Si le Conseil constitutionnel a été saisi sur la forme, le groupe NUPES lui avait aussi demandé de se prononcer sur le fond. Les députés estiment en effet que le texte contreviendrait au préambule de la Constitution  de 1946. En cause, l’article 10 de la réforme qui prévoit le report de l’âge légal de soixante-deux à soixante-quatre ans et l’accélération du calendrier de relèvement de la durée d’assurance requise pour l’obtention d’une retraite à taux plein. Ce dernier contiendrait des “dispositions ayant pour conséquence d’annuler les effets compensatoires de mesures préexistantes destinées à corriger les inégalités entre les femmes et les hommes”, alors que le préambule de 1946 prévoit que “La loi garantit à la femme, dans tous les domaines, des droits égaux à ceux de l’homme”. Aux yeux des quatre groupes signataires de la saisine de la NUPES, le report de l’âge légal devrait aussi être censuré par le Conseil Constitutionnel. Il y aurait un lien direct entre celui-ci et la hausse du chômage parmi les séniors, qui résulterait en une violation de l’article 1er de la Constitution. Ce report de l’âge légal augmenterait également “de 14% le risque de mort avant la retraite pour les 20% les plus pauvres”, et contreviendrait ainsi à l’article 11 du préambule de 1946, qui prévoit que “tout être humain qui, en raison de son âge […] se trouve dans l’incapacité de travailler, a le droit d’obtenir de la collectivité des moyens convenables d’existence”.

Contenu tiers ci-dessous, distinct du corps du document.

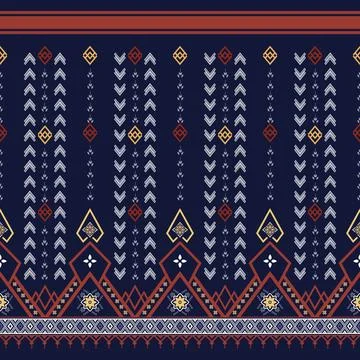 Thai Textile Illustrations, Authentic Thai Fabric Patterns, Thai Silk Patterns Stock Illustration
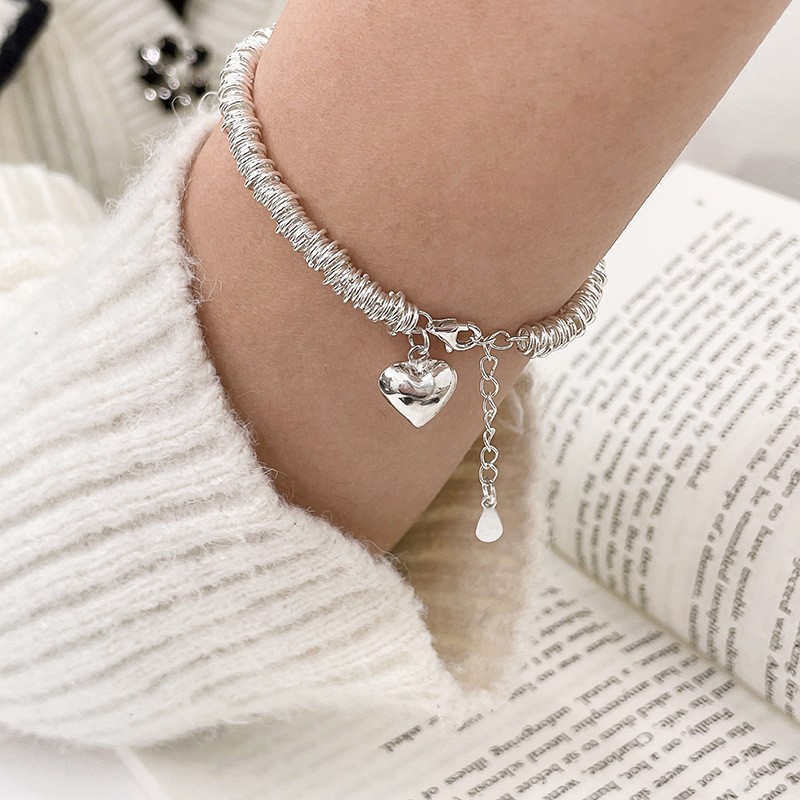 "Tourbillon" Silver 925 Statement Heart Bracelet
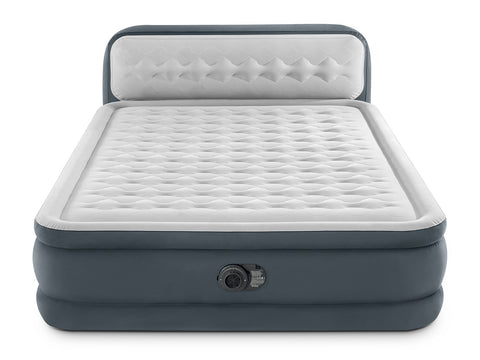 Intex queen ultra plush headboard luchtbed met ingebouwde pomp - 203x152x46cm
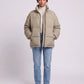 Short Oversized Puffer Jacket with Contrast Zip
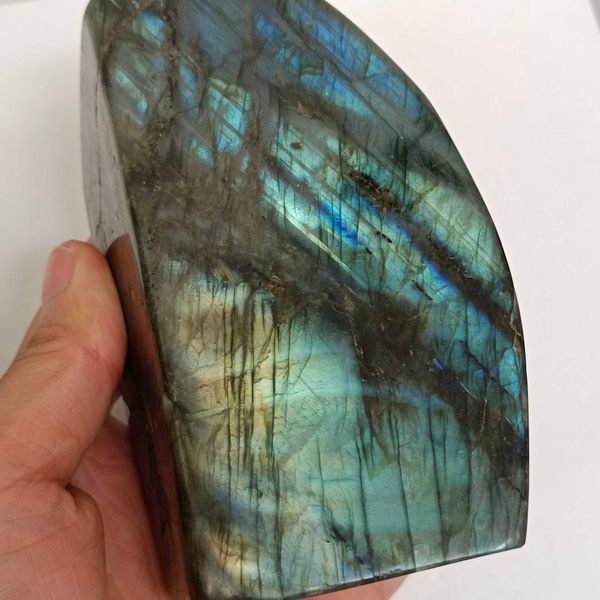 700-750g 1 pc de cristal natural quartzo polido pedra preciosa pedra de labradorite com azul ou flash amarelo H1015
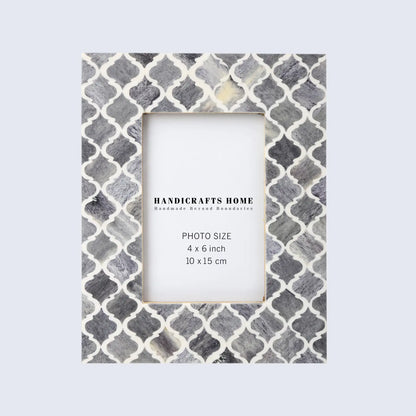 Picture Frames Moroccan Pattern Bone & Resin Inlay Collection in 5 Color Options | 1.75" Border Width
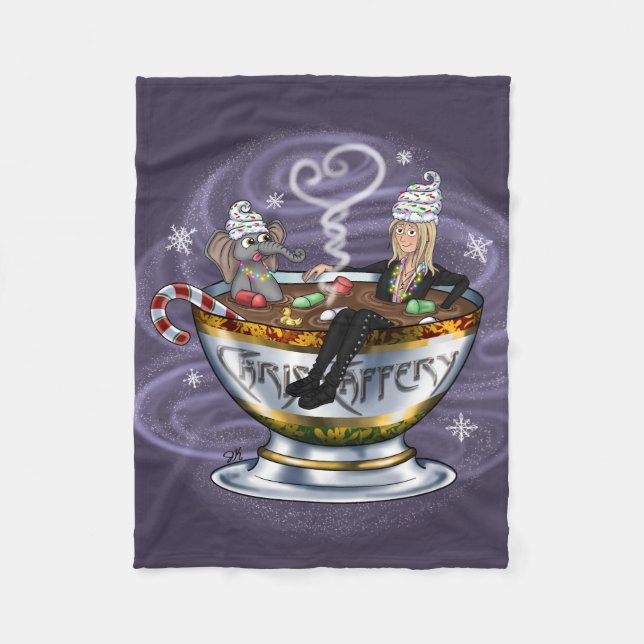 Santa Chris & Wilbur Hot Tubbin' Fleece Blanket (Front)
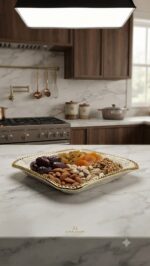 Luxury Square Dry Fruit Tray - White & Gold Ceramic 15*2.5 - Image 3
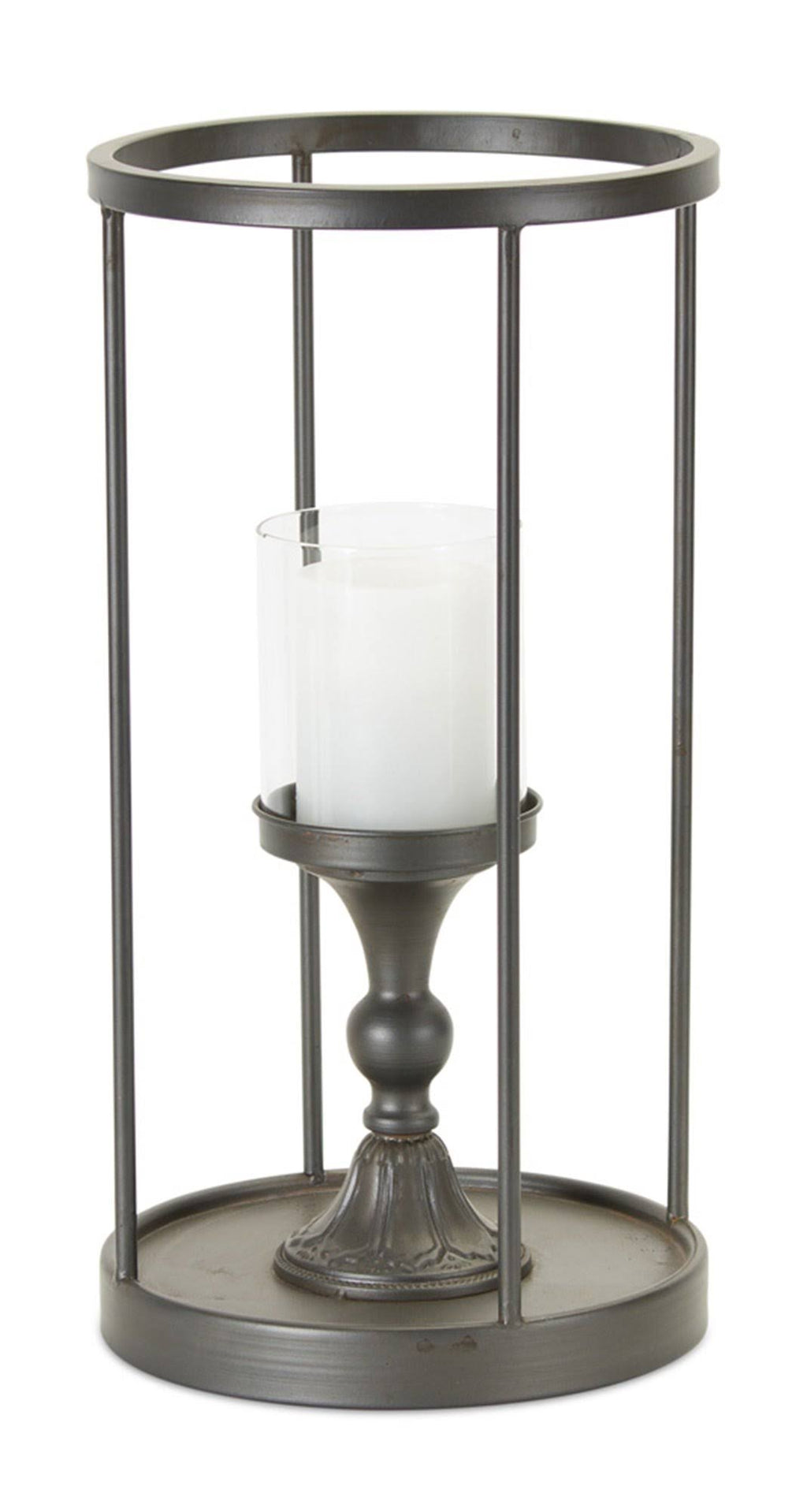 Candle Holder Iron Glass I8614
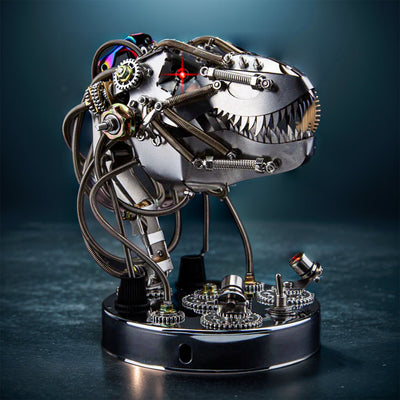 Create Your Own 3D Metal Steampunk Mechanical Dinosaur Head Model Kit - Over 180 Intricate Pieces!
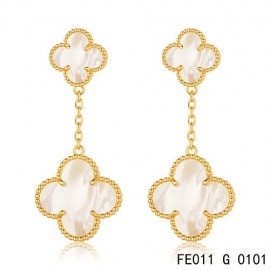 Van Cleef and Arpels Yellow Gold Magic Alhambra 2 Motifs Earrings White Mother of Pearl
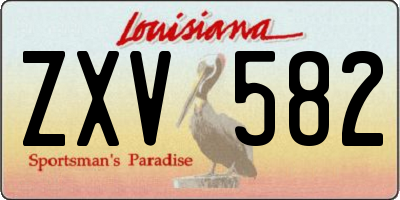 LA license plate ZXV582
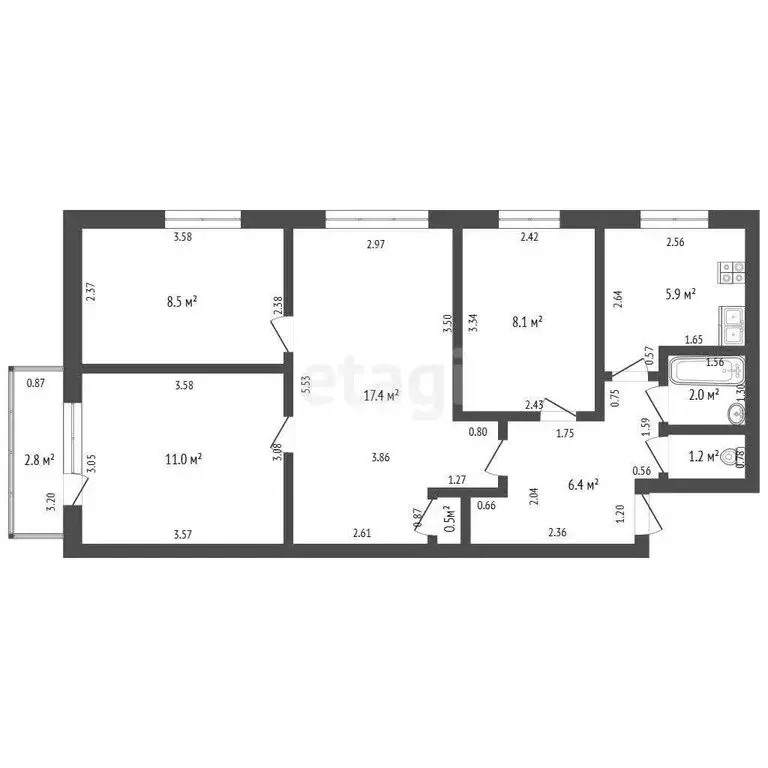 4-комнатная квартира: Стерлитамак, Вокзальная улица, 30 (61.8 м) - Фото 1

Or, le Conseil a jugé que pour respecter cette exigence constitutionnelle et mettre en œuvre une politique de solidarité nationale en faveur des retraités, le législateur a la liberté de “choisir les modalités concrètes qui lui paraissent appropriées”. Dans le cas présent, le Conseil estime que le gouvernement “a entendu assurer l’équilibre financier du système de retraite par répartition” pour “en garantir la pérennité”.

Le Conseil constitutionnel a tenu à mieux justifier sa position tenant à laisser la liberté la plus large au Parlement, tant qu’il respecte l’objectif qu’il s’est fixé. Le Parlement “a notamment tenu compte de l’allongement de l’espérance de vie”, mais il a aussi “maintenu ou étendu des possibilités de retraite anticipée au bénéfice des personnes ayant eu des carrières longues, de celles ayant un taux d’incapacité de travail fixé par voie réglementaire ou encore des travailleurs handicapés” Et le Conseil constitutionnel de conclure : “Ce faisant, [le Parlement] a pris des mesures qui ne sont pas inappropriées au regard de l’objectif qu’il s’est fixé et n’a pas privé de garanties légales les exigences constitutionnelles précitées”.

L’index senior et le CDI senior invalidés pour des raisons de forme: 

Sans suspens, les dispositions prévoyant l’index senior – qui devait être obligatoire dès cette année pour les entreprises de 1000 salariés – et le CDI sénior ont été censurées.

Pour le Conseil constitutionnel, ces dispositions « n’ont, en 2023, pas d’effet ou un effet trop indirect sur les recettes des régimes obligatoires de base ou des organismes concourant à leur financement ». Elles ne peuvent donc pas se retrouver dans une loi de financement de la sécurité sociale et sont donc des « cavaliers sociaux ».

Quant au référendum d’initiative partagée, il a lui aussi été invalidé comme Les Surligneurs l’avaient déjà écrit, car au moment où la proposition a été déposée par les députés, l’âge de départ à la retraite était toujours de 62 ans, le RIP ne proposait donc aucune modification législative. Résultat, une seconde tentative de RIP est déjà en cours de dépôt, maintenant que l’âge est reculé à 64 dans la loi.